Il giornalismo non può evitare di compiere scelte assumendosi chiare responsabilità, dice Maggioni. «Di fronte ai filmati hollywoodiani della casa di produzione del terrore, con sede a Raqqa, decidere di spezzarne la studiata continuità, vanificarne la forza del montaggio, rendere nullo l’impatto della grafica accattivante, della costruzione della storia, e finanche scegliere di negare il diritto all’esistenza di taluni passaggi, è fare i giornalisti niente più. È assumersi la responsabilità del racconto esattamente come avviene tutti i giorni, in ogni redazione del mondo, in ogni istante. Non è censura, come qualcuno pretende. E’ scelta. Ogni passaggio del nostro lavoro implica una scelta, di cui prima o poi dovremmo forse decidere di assumerci la responsabilità. Dovremo forse ammettere, una volta per tutte, che non esiste una relazione causa/effetto tra fatti e notizie, nessun determinismo. Lo sappiamo benissimo».
Monica Maggioni è convinta che il giornalismo non può essere obiettivo e chi fa il giornalista non è neutro. «È una scelta girare la telecamera verso la folla o sul dettaglio del volto del potente che tiene il comizio. È una scelta titolare sul crollo di un argine del Po, o sulla siccità in California. O ancora sulla fabbrica cinese in cui non si contano i suicidi. È una scelta mettere una notizia in prima o in quindicesima pagina. Aggiungere una foto o toglierla.
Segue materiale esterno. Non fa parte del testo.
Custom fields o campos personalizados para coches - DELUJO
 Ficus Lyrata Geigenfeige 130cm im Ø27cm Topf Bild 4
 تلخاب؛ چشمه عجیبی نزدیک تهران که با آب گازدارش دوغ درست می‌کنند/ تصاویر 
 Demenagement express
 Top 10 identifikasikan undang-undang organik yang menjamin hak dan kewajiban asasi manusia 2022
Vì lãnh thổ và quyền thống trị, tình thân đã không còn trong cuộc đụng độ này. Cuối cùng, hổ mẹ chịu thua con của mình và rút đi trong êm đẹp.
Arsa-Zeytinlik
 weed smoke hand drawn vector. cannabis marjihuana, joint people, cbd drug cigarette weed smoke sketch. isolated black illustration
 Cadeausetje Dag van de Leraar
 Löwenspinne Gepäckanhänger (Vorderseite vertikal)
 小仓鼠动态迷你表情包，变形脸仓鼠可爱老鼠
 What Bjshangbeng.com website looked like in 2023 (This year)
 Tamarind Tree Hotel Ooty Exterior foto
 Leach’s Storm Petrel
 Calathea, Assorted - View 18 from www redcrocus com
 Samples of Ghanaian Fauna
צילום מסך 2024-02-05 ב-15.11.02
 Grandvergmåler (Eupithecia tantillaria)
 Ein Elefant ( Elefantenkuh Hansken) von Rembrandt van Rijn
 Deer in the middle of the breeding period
E persino mettere una foto in cui il soggetto del nostro racconto è illuminato da una luce orribile, fa una smorfia, o risplende come un eroe. Il nostro non è un lavoro neutro. Ci piaccia o no, è quanto di più distante dall’obiettività si possa immaginare».
Uscire dalla retorica della neutralità non vuol dire, però, manipolare i fatti. «Non sto parlando del gioco sporco, della manovra truffaldina di chi altera gli eventi, le notizie, di chi costruisce in montaggio quello che non è mai accaduto. Sto solo parlando dello sguardo sulla realtà che ognuno di noi ha e si traduce in una scelta. Cominciamo a scegliere il primo giorno che diventiamo reporter. Lo facciamo scrivendo aggettivi, allungando dirette, enfatizzando le parole, alzando o abbassando gli effetti dell’audio. Scrivendo l’occhiello, togliendo il catenaccio. Entrando a raccontare in una via e non in un’altra. Rimanendo un’ora in un villaggio e tre in quell’altro. Usciamo dalla retorica di una neutralità che non esiste e forse non è mai esistita, se non nella teoria».
Da queste parole traspaiono coraggio e audacia conquistati in anni di esperienza sul campo: principi e valori che auspichiamo diventino una priorità anche in questi anni di presidenza. A ciò si affiancherebbe il progetto – già lanciato mesi fa dall’ex direttore generale Gubitosi – di accorpare in un’unica newsroom tutte le testate giornalistiche Rai, espandendo la copertura informativa. Mutamenti che permetterebbero al servizio pubblico di puntare su più qualità e credibilità. La riforma della Rai potrebbe partire proprio da qui.